Metà della popolazione della Giordania, racconta Silvia, è palestinese. "Dare la cittadinanza a tutti - racconta la volontaria - significherebbe creare lì un vero e proprio stato a maggioranza palestinese, mettendo in discussione gli equilibri interni sia da un punto di vista politico sia sociale". Il re giordano, Add Allah II, sta giocando un ruolo importante nella gestione della crisi mediorientale, ma trasformare tutti i profughi in cittadini giordani significherebbe rinunciare alla propria identità. "I rifugiati che sono lì dal 68 e le nuove generazioni - spiega Silvia - sono in attesa di qualcosa o di qualcuno che li riporti in Palestina.

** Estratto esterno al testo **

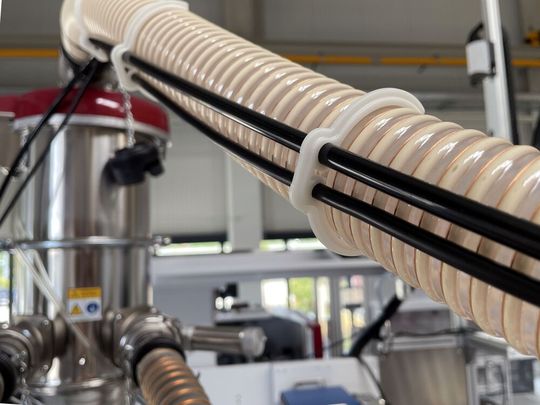 Eine Klammer, die der Verschwendung von üblichen Klemmsystemen entgegentritt, hat Wittmann für die Fakuma als Highlight geplant. Sie nennt sich Ecofritz (helles Kunstststoffteil) und wird auf der Messe gefertigt, was außerdem sehr nachhaltig klappt. Aber es gibt noch mehr ...(Bild:  Wittmann)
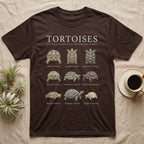 Tortoise Species Chart T-Shirt in Dark Chocolate — Watercolour chart of nine named tortoise species under a cream serif Tortoises title on charcoal grey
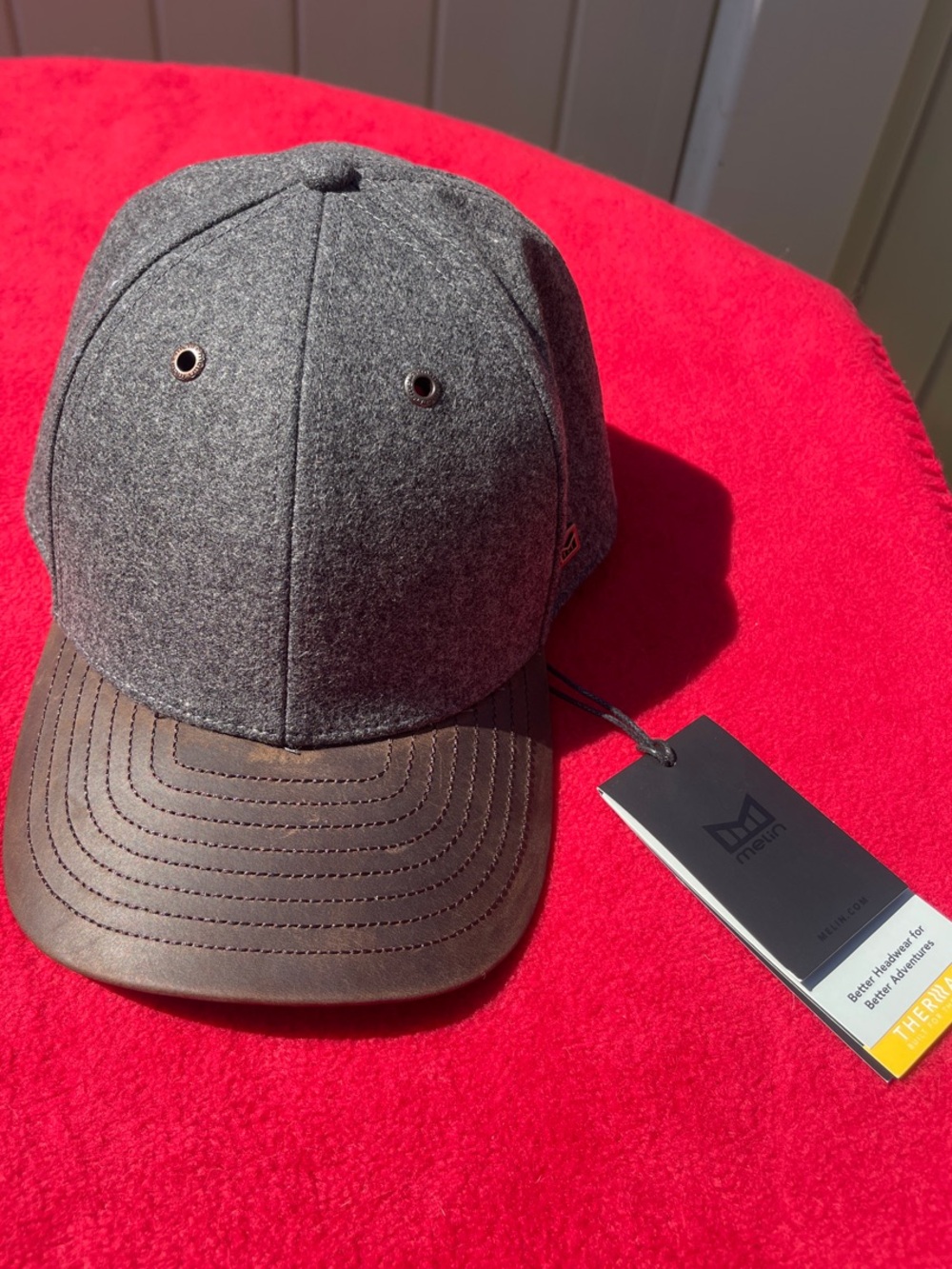 Melin Luxury Gray Cap with Brown Brim. Unused New Condition.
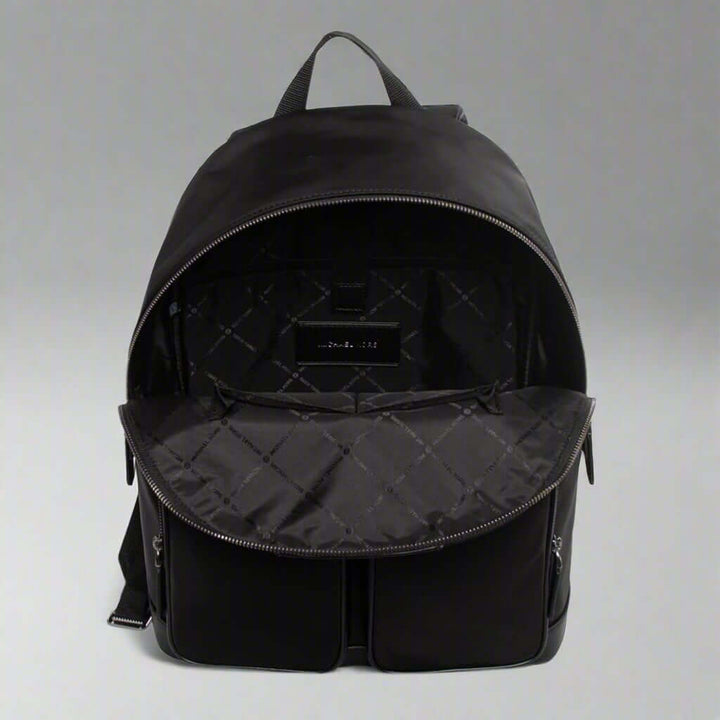 Black backpack with open front compartment on a white background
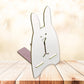 Another angle of the wooden rabbit mobile stand, highlighting its compact size.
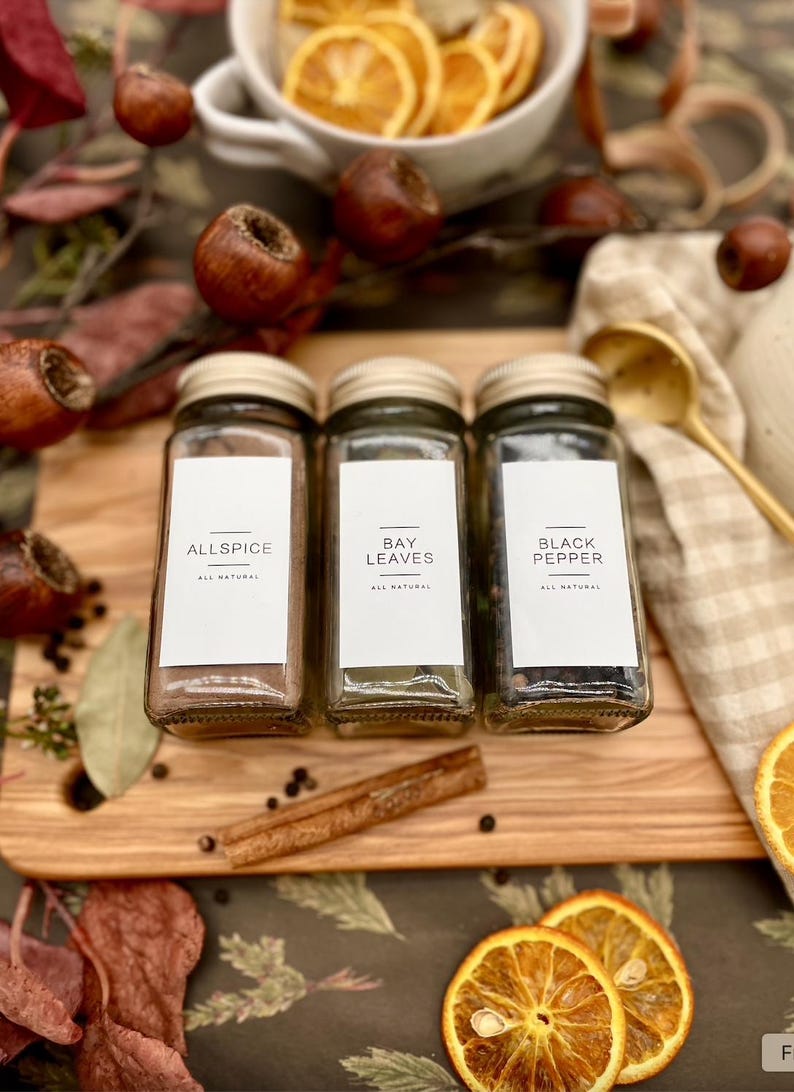 K&ouml;nnte beinhalten: Drei Glas-Gew&uuml;rzgl&auml;ser mit wei&szlig;en Etiketten auf einem Holzbrett. Die Etiketten lauten "Allspice", "Bay Leaves" und "Black Pepper". Allspice ist dunkelbraun, Lorbeerbl&auml;tter sind gr&uuml;n und schwarzer Pfeffer ist schwarz. Die Gl&auml;ser stehen auf einem Holzbrett mit einem Zimtstange und schwarzen Pfefferk&ouml;rnern.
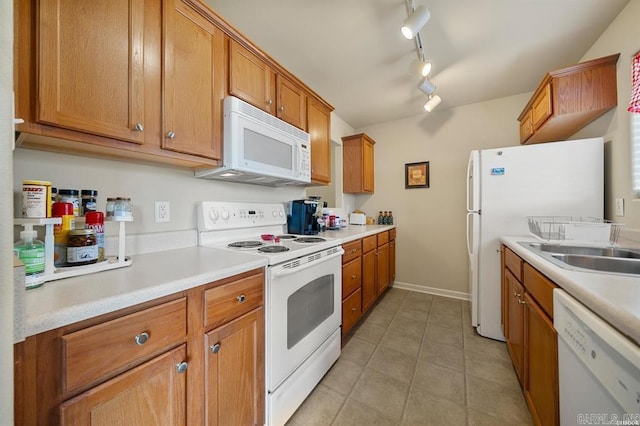 1100 Woodlawn Ave Unit K-61, Hot Springs, AR 71913 - kitchen featuring brown cabinets, light countertops, rail lighting, and white appliances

Molti di loro sono nati nel campo eppure sono convinti che prima o poi se ne andranno da lì". I bambini con cui ha lavorato durante il campo estivo "riportano la bandiera palestinese su ogni disegno", ma molti di loro "non sanno nemmeno dove si trova Gaza sulla cartina geografica".

Il Godot palestinese per molti rifugiati si chiama America: il grande continente occidentale nell'immaginazione di chi vive nel campo - e soprattutto dei più piccoli - riuscirà prima o poi a consegnare loro le chiavi di una terra finora inaccessibile. "Questo è curioso - racconta la volontaria - perché il ruolo degli Stati Uniti nella vicenda tra Israele e Palestina è chiaro, eppure per tanti rifugiati sarà l'America a salvarli da questa condizione e a riportarli a casa".